Site logo

EU struggles with how to cut off reliance on Russian gas

European Union nations struggled on Monday to find common ground on how to wean the bloc off its reliance on Russian natural gas, seeking to appease wary consumers at home while upholding unity as Moscow turns down the tap.

On the eve of an emergency meeting to discuss plans to cut gas use by 15 per cent over the coming months, envoys were still brokering a possible compromise that should keep all 27 nations in line by Tuesday night.

“This is still a work in progress,” said a senior diplomat, who asked not to be identified because the talks were still ongoing.

The bloc is bracing for a possible full Russian cut-off of natural gas supplies that could add a big chill to the upcoming winter, leaving nations like economic juggernaut Germany especially exposed. Some other countries, with little dependence on Russian gas, do not want to force such a major cut on their people.
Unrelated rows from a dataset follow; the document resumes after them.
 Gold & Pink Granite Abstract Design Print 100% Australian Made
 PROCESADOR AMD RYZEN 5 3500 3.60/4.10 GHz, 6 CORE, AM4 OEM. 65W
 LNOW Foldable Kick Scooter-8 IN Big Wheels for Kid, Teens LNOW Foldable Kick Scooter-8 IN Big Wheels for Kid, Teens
Russia has cut off or reduced gas to a dozen EU countries, and on Monday said it will slash flows this week through a major pipeline to Germany by another half, to 20 per cent of capacity. The Nord Stream 1 pipeline reductions further endanger goals to fill storage for winter as envoys haggled over EU plans.
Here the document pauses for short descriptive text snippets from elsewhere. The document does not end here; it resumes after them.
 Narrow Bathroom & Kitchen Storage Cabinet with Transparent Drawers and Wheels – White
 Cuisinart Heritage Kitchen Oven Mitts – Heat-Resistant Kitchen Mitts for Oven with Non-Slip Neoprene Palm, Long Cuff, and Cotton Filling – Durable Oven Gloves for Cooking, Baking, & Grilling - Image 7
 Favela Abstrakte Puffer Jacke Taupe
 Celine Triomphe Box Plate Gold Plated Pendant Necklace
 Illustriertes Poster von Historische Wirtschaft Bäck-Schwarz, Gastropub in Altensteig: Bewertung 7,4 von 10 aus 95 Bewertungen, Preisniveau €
The Russian state-owned company Gazprom tweeted that it would reduce “the daily throughput” of the Nord Stream 1 pipeline to Germany to 33 million cubic metres as of Wednesday, saying it was shutting down a turbine for repairs. The head of Germany’s network regulator, Klaus Mueller, confirmed that the flow was expected to be cut in half.

Deliveries were at 40 per cent of capacity after Nord Stream 1 reopened last week, after 10 days of scheduled maintenance. The German government said it rejected the notion that technical reasons would lead to further gas reductions.

“We are monitoring the situation very closely in close exchange with the federal network agency and the gas crisis team,” the German economy ministry said in a statement after Gazprom’s announcement. “According to our information, there is no technical reason for a reduction in deliveries.”

The EU senior diplomat said ambassadors had been working non-stop on the divisive issue and had sought to clip the powers of the executive European Commission, which, under its plan, could sidestep member countries to impose such reductions of gas usage.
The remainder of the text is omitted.